(Task statement):
Leaving out the pictures, return word for word the stretch of entries below from the line holding "CARE by PanzerGlass" through the line holding "Angelico Sciarpa Blu".

(Given data):

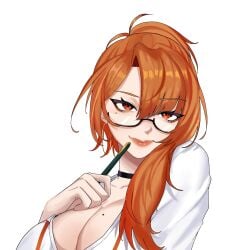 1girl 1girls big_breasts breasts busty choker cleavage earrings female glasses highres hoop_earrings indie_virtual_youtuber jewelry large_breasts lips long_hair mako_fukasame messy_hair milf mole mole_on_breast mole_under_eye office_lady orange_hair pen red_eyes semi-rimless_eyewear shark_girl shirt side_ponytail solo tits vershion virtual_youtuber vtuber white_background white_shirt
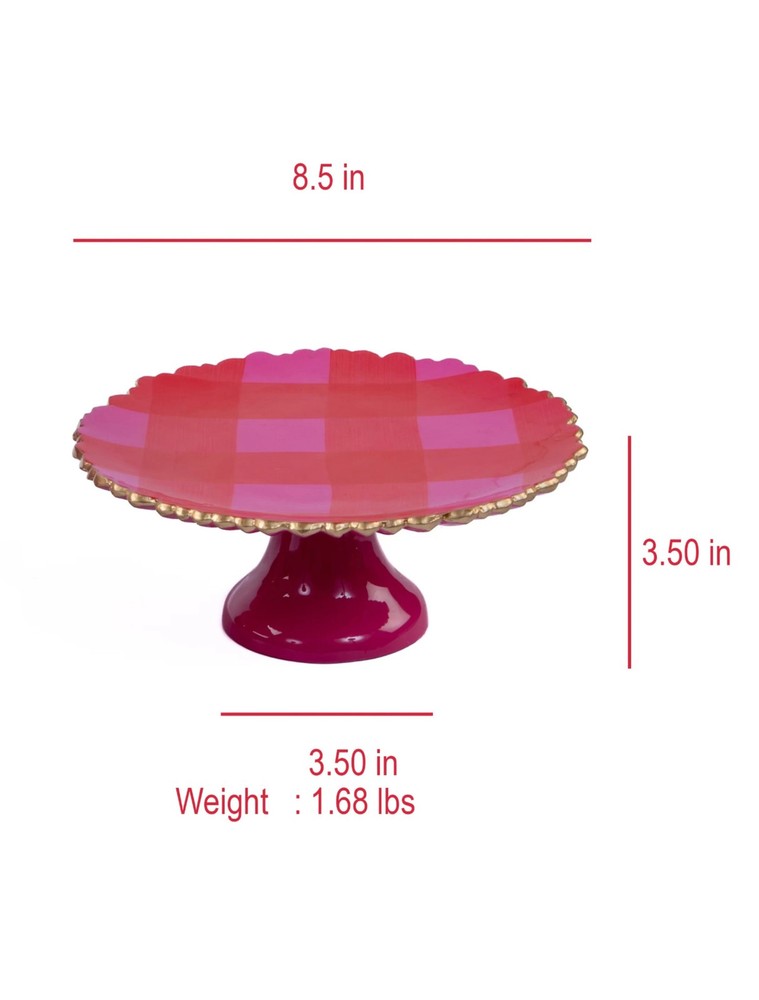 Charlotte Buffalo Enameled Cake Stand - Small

==

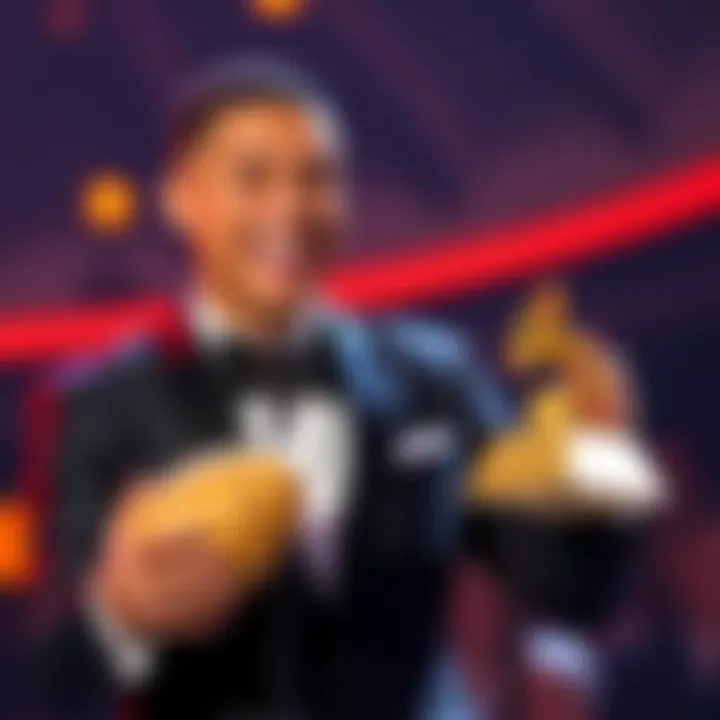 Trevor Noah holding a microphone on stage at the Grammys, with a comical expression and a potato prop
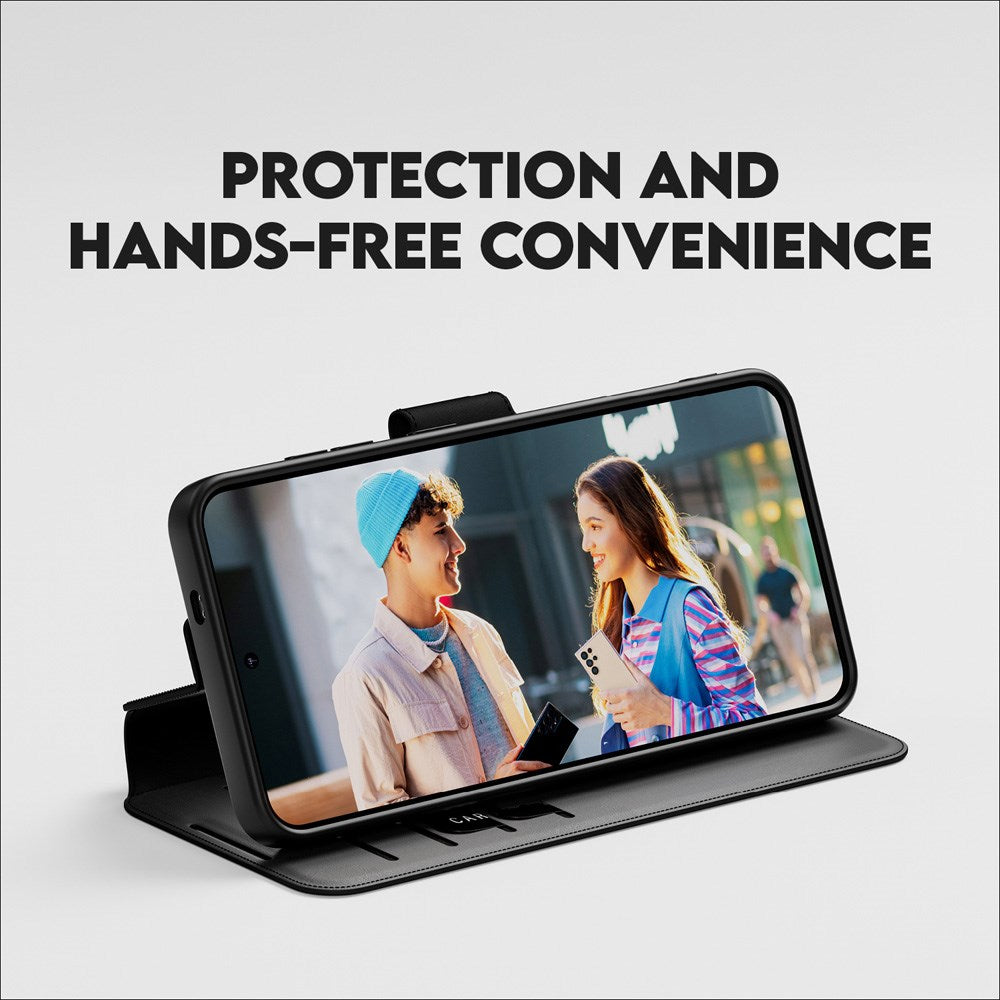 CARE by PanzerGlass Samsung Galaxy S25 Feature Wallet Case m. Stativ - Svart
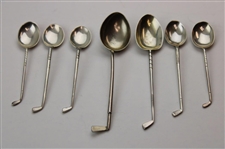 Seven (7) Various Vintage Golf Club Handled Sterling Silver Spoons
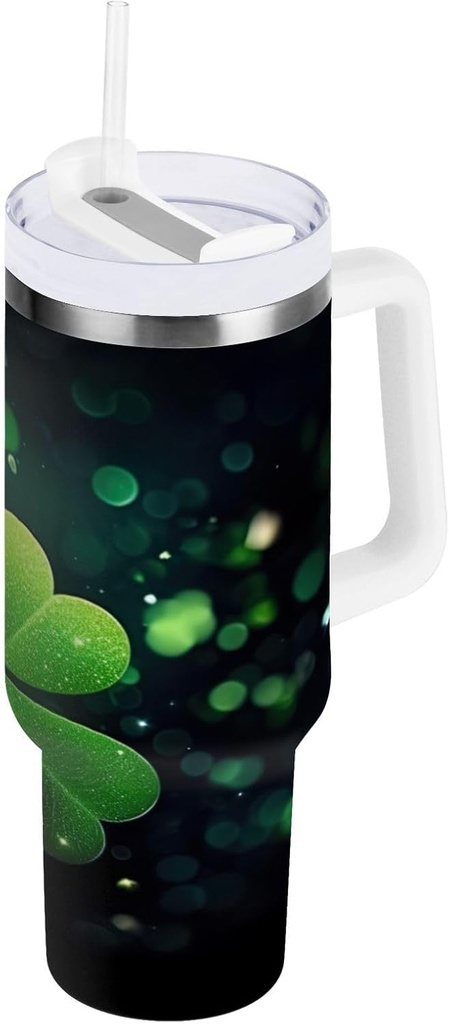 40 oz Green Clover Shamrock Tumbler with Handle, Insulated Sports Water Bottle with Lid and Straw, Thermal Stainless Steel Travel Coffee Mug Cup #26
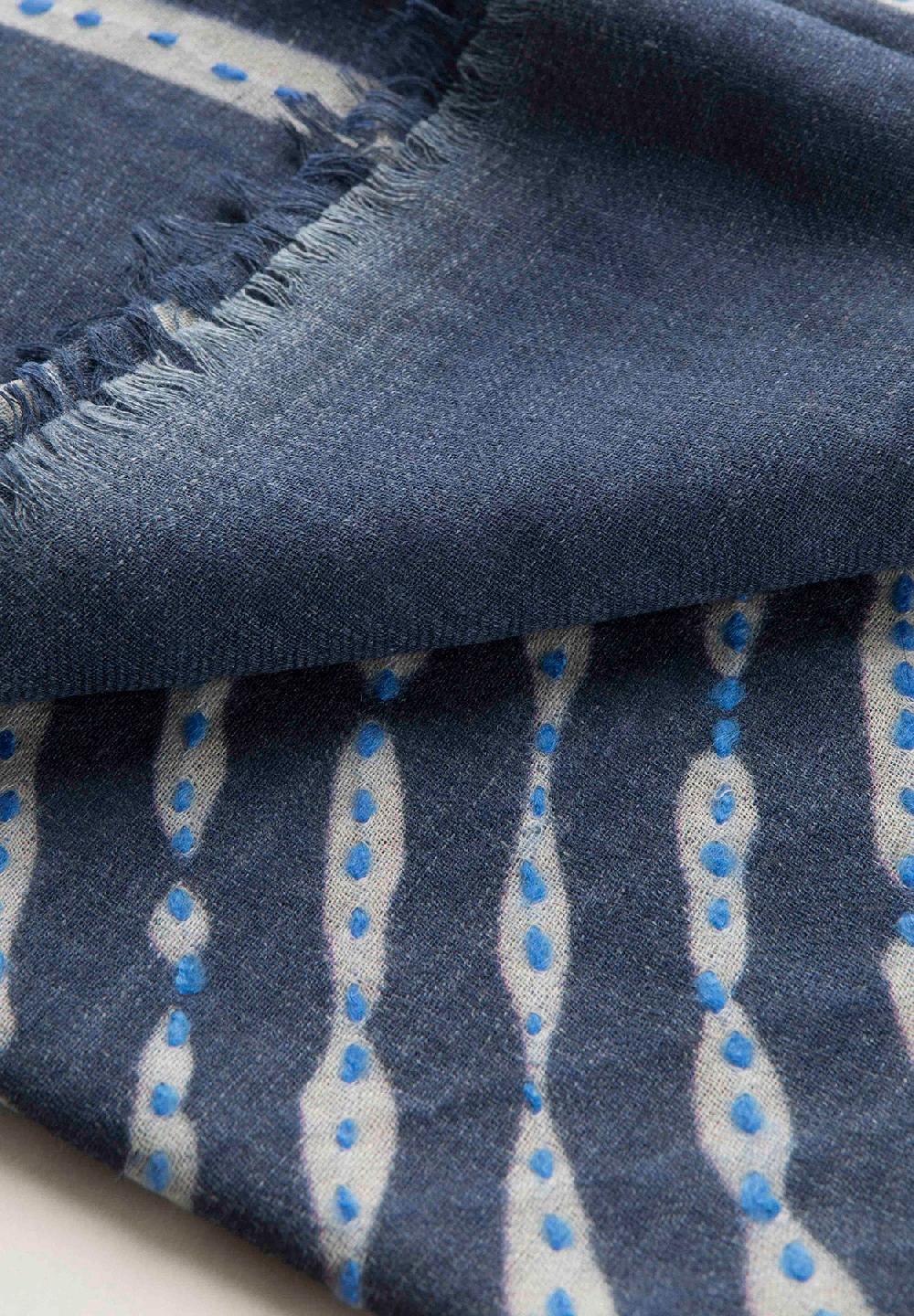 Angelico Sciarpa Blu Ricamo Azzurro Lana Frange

(Result of this task):
 CARE by PanzerGlass Samsung Galaxy S25 Feature Wallet Case m. Stativ - Svart
 Seven (7) Various Vintage Golf Club Handled Sterling Silver Spoons
 40 oz Green Clover Shamrock Tumbler with Handle, Insulated Sports Water Bottle with Lid and Straw, Thermal Stainless Steel Travel Coffee Mug Cup #26
 Angelico Sciarpa Blu Ricamo Azzurro Lana Frange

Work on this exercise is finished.